All changes are atomic. If a transaction updates multiple data items, the transaction is not allowed to complete until either all of the changes have been made successfully, or if there's a failure, they have all been undone.
In the team between a transaction starting and completing, other concurrent transactions may not be able to access any of the data that has been modified; they will be blocked.
If data is being replicated, a transaction that implements strong consistency is allowed to complete until every copy of each iteam that has changed has been updated successfully.
It aims to minimize the chance that an application instance might be presented with an inconsistent view of the data.
The cost of implementing this model is the impact it has on the availability, performance, and scalability of the resulting solution.
- Network latency could adversely impact the performance of such transactions and result in concurrent access to data being blocked for an extended perior of time.
- If a network failure renders one or more data stores inaccessible during a transaction, the application will be blocked until every data store becomes accessible again.
- It is not tolerant of the types of failure that may occur in distributed environments. For example, it may not be possible to roll back a transaction and release the resources that it holds if a component participating in the transaction has stopped responding due to a network failure.
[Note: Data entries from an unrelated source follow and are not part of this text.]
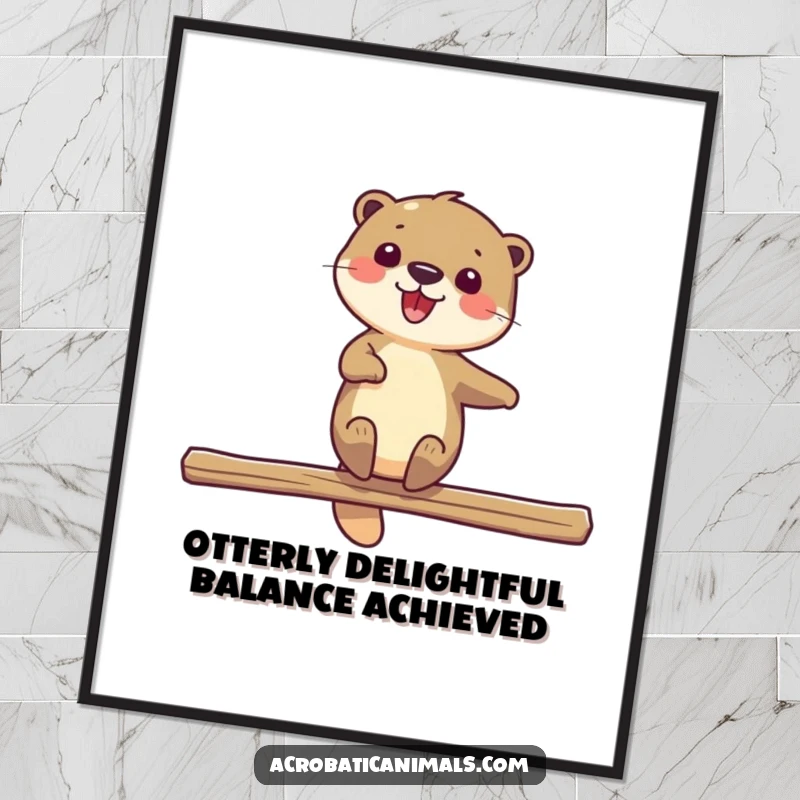 Funny Free Printable Wall Art of a delighted otter spinning gracefully on a beam, adding whimsical decor.
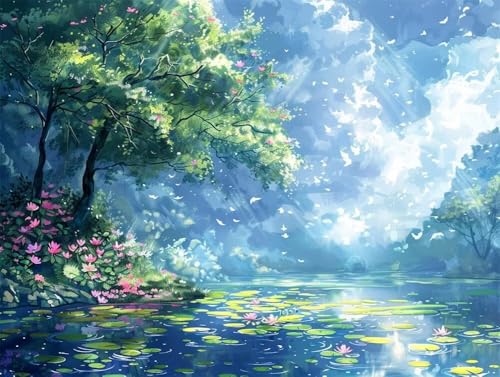 DIY 5D Diamant Malerei Set Bohren Voll Nature Scenery Lotus Pond Bild Diamond Painting Crystal Strass Diamant Gemälde Arts Craft Perfekt Für Entspannung Und Wand Decor Platz Drill 110x150cm AC2446 von Quxaoqiao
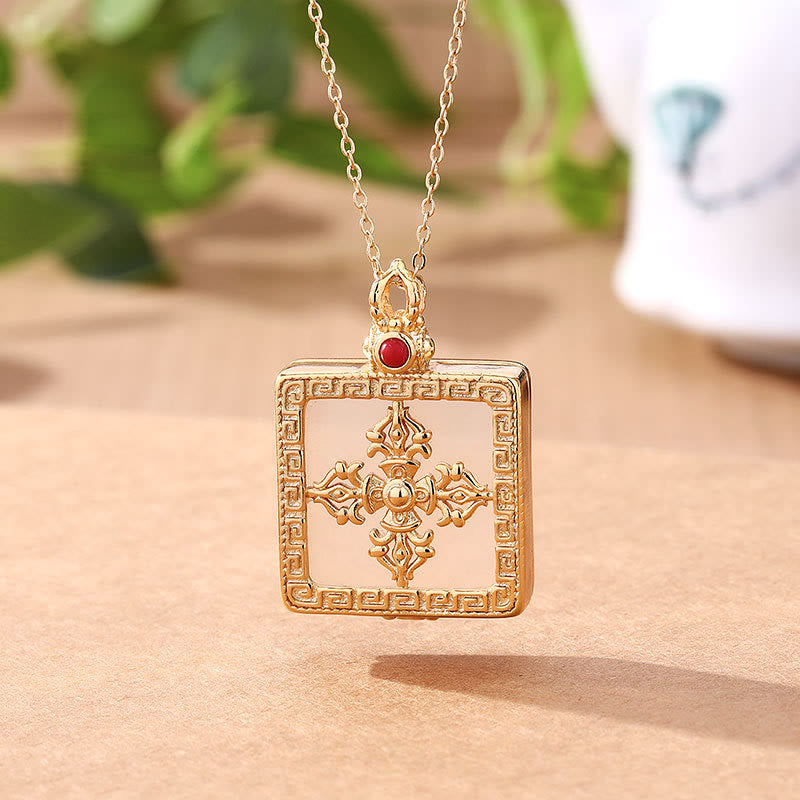 ATELIER-TIBET – Collier Double Dorje en Jade Blanc Naturel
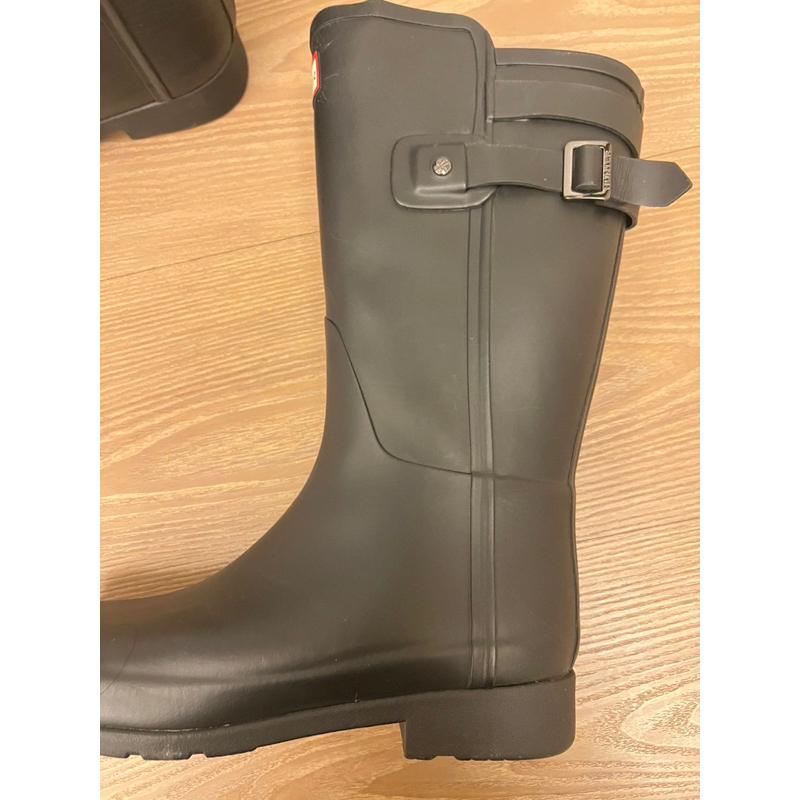 《現貨》正版 Hunter Refined 霧面長靴 經典款 高筒雨鞋 雨靴 靴子 黑色39號-細節圖5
In this case, manually reconciling the data is needed.
In a distributed application, you should implement strong consistency only where it is absolutely necessary.
For example, if an application updates multiple items that are located within the same data store, the benefits may outweigh the disadvantages because data is likely to be locked only for a very short period.
An alternative approach for maintaining strong consistency across replicated data that is frequently implemented by highly scalable NoSQL databases is to use read and write quorums and versioning.